● **Data for the task**
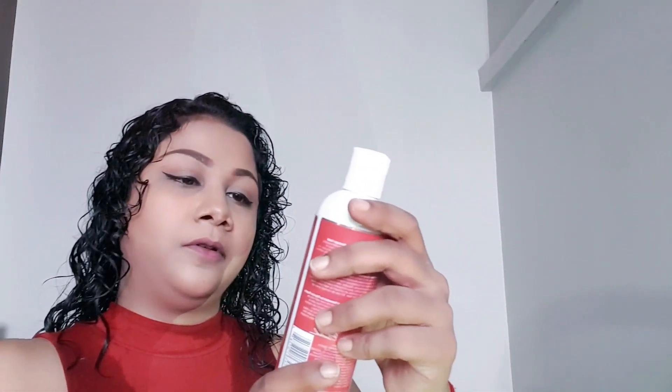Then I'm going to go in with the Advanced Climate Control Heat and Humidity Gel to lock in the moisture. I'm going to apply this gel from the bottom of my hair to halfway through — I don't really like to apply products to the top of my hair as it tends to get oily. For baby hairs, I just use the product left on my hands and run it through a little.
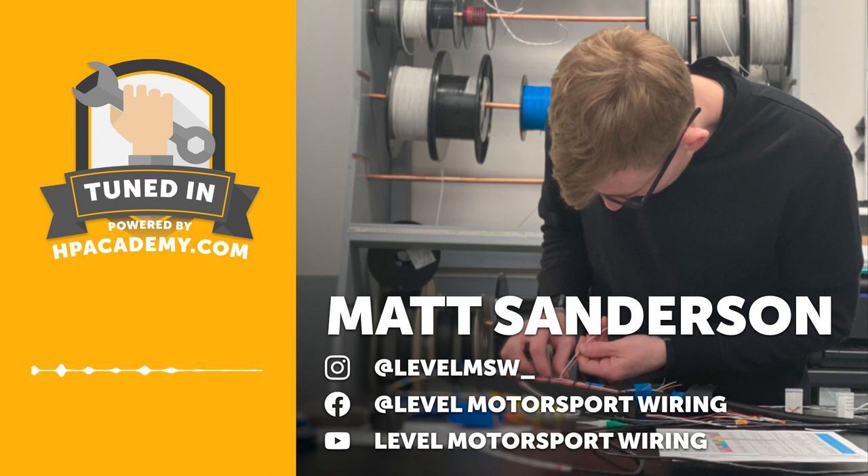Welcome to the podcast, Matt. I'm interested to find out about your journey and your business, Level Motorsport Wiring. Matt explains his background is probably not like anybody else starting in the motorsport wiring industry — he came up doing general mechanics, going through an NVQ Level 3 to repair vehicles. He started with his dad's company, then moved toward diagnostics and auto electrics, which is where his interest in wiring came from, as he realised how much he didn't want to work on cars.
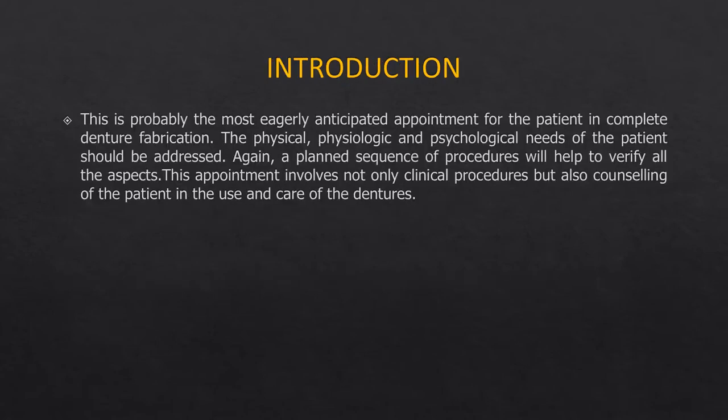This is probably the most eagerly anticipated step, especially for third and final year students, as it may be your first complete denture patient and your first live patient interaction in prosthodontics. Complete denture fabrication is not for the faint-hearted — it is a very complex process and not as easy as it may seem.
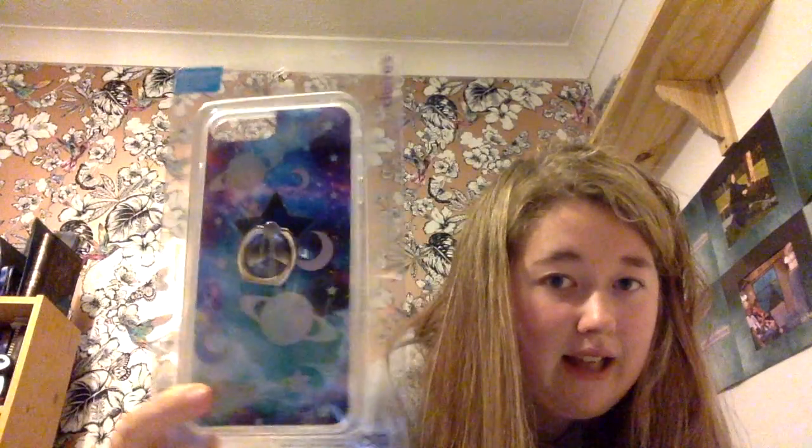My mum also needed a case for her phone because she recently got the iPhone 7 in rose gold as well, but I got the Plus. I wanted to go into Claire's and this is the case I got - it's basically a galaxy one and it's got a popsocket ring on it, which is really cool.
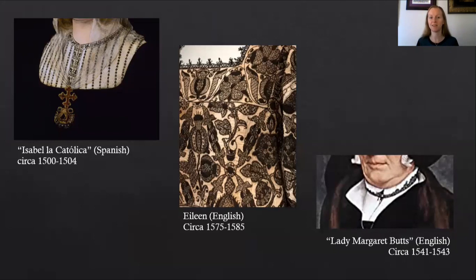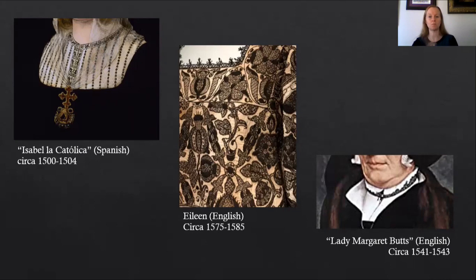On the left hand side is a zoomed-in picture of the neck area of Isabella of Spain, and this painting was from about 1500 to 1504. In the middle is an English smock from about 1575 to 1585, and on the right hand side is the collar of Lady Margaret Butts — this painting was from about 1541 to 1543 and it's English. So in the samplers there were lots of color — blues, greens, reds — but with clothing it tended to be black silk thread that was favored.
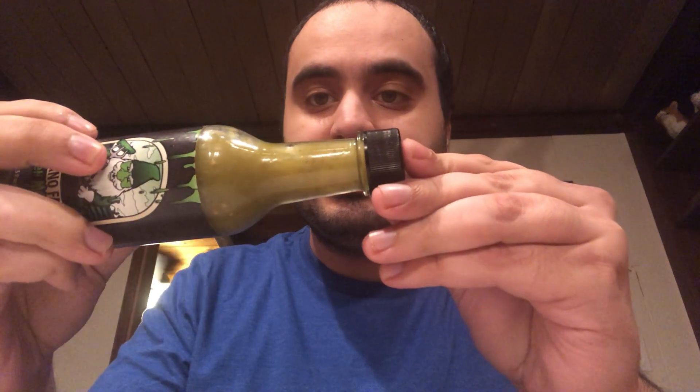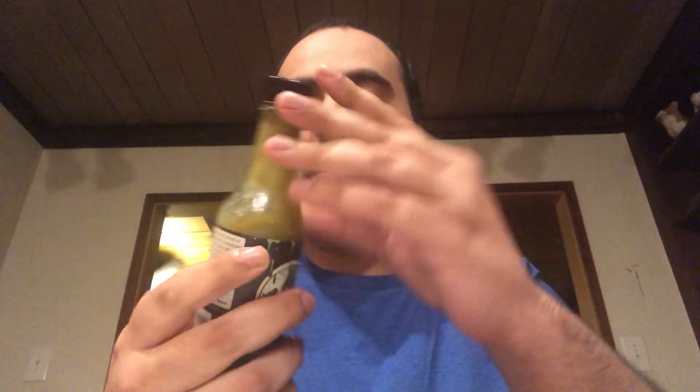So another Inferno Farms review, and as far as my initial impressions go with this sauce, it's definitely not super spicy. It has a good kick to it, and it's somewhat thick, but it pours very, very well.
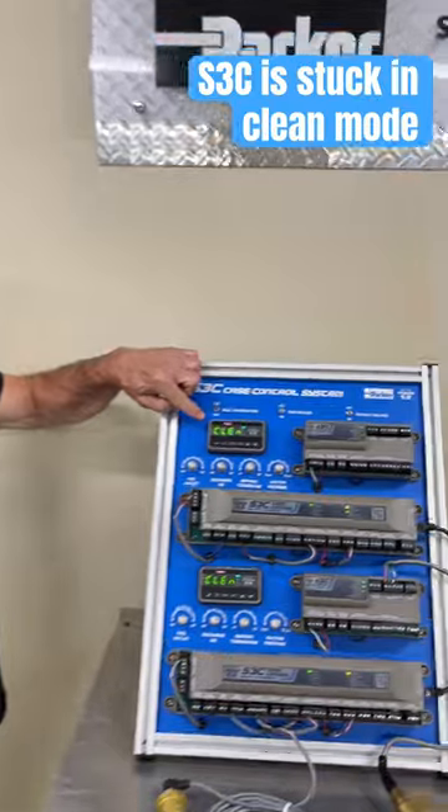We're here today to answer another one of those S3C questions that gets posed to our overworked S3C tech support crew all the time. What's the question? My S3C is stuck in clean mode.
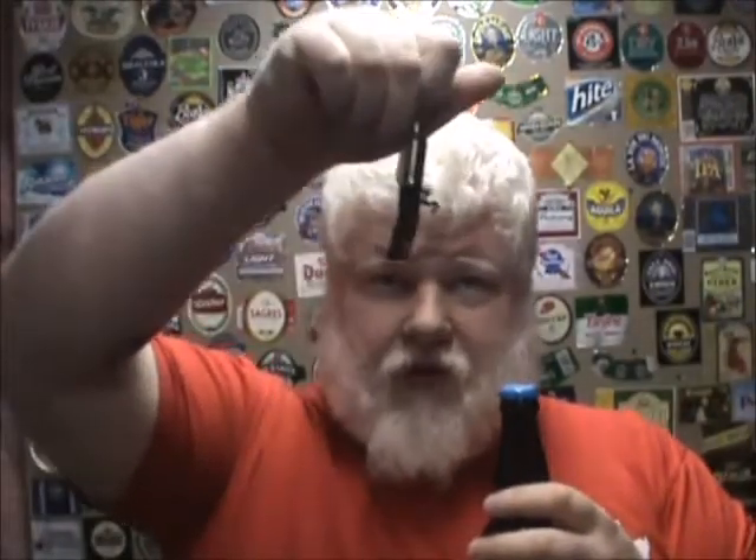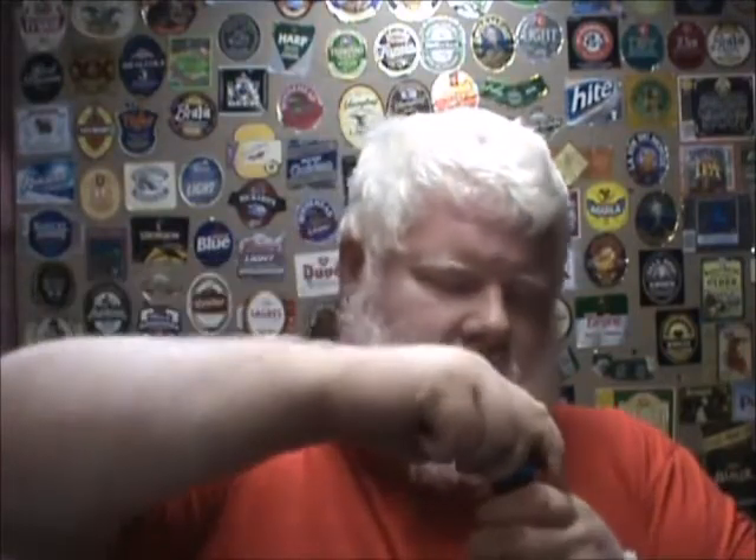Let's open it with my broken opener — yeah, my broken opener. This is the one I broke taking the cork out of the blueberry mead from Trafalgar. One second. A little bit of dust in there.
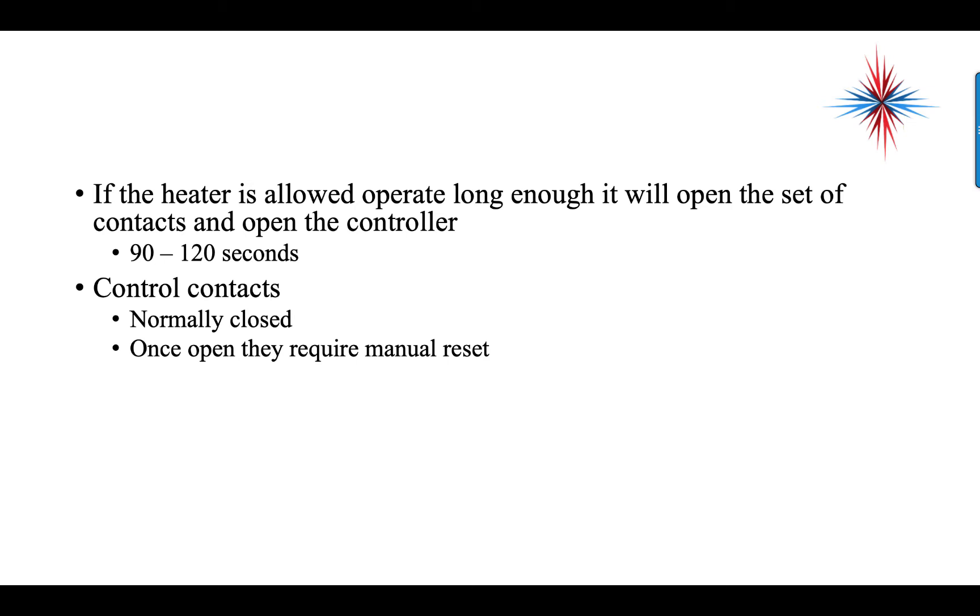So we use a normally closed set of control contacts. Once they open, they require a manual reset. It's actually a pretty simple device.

● **What needs to be done**
Please repeat the lines of the material above exactly, starting with the line that contains "On the left" and ending with the line that contains "So another Inferno". Leave the pictures out.

● **Reply to the task**
On the left hand side is a zoomed-in picture of the neck area of Isabella of Spain, and this painting was from about 1500 to 1504. In the middle is an English smock from about 1575 to 1585, and on the right hand side is the collar of Lady Margaret Butts — this painting was from about 1541 to 1543 and it's English. So in the samplers there were lots of color — blues, greens, reds — but with clothing it tended to be black silk thread that was favored.
So another Inferno Farms review, and as far as my initial impressions go with this sauce, it's definitely not super spicy. It has a good kick to it, and it's somewhat thick, but it pours very, very well.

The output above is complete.